しかし、この「ハレ管が下手すぎる」というのは決して事実ではないことを、このコンビの録音をアップするたびに主張してきました。もちろん、同時代のフィルハーモニア管などと比べてみるとそれは遜色はあるでしょうが、それを言えば、同時代のウィーンフィルだって機能面では明らかに劣ります。
50年代というのは、どのオケにも自分自身が生まれ育ってきた「根っこ」みたいなものをしっかり持っていて、その根っこから生み出される素敵な「ローカリティー」を持っていました。バルビローリとハレ管のコンビが生み出す音楽もまたイギリスはマンチェスターという土地が持つ地域性が色濃く漂っています。産業革命を牽引した工業都市であり、同時に労働者の町であるマンチェスターのオケに貴族趣味が似合わないのは当然です。
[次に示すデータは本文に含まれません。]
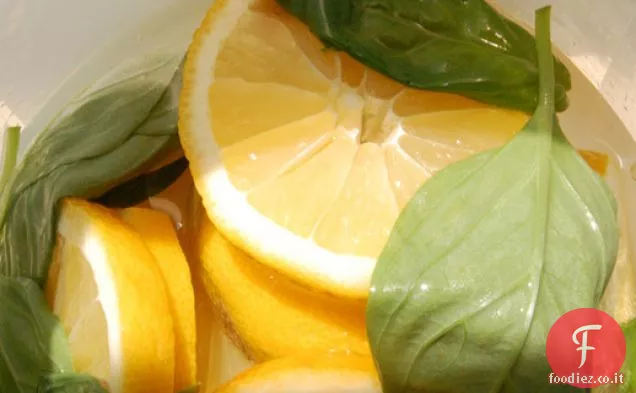Sano e delizioso: limonata al basilico
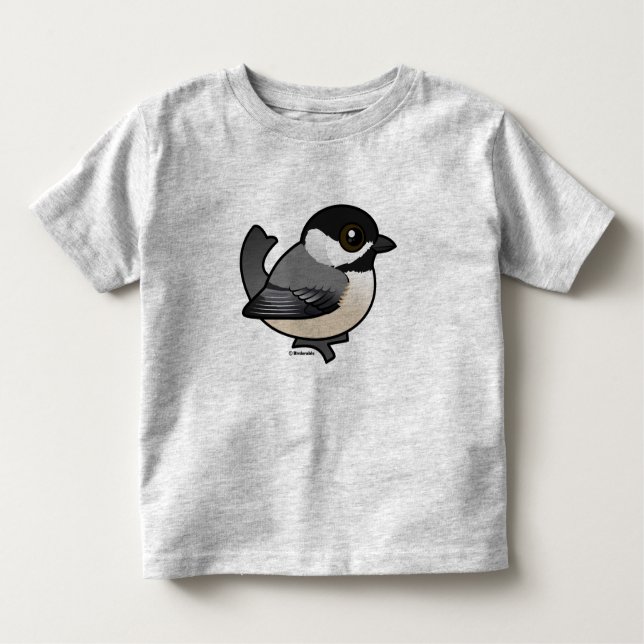 Camiseta Infantil Carolina Chickadee (Frente)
確かに、聞きようによっては、もう少し腕利きの管楽器奏者をそろえてもっとスタイリッシュに演奏すれば、この作品もまた違った風に響くでしょう。しかし、このどこか気取らずに陽気な雰囲気で演奏されるセレナードは実にこの町にあった演奏ではないでしょうか。
昨今の一流オケというのは、どれもこれも己の生まれ育った根っこを失って、機能は素晴らしいがまるでどれもこれも除菌されたように小綺麗に響きます。ですから、たまには多少は雑菌の混じった演奏も楽しいじゃないですか。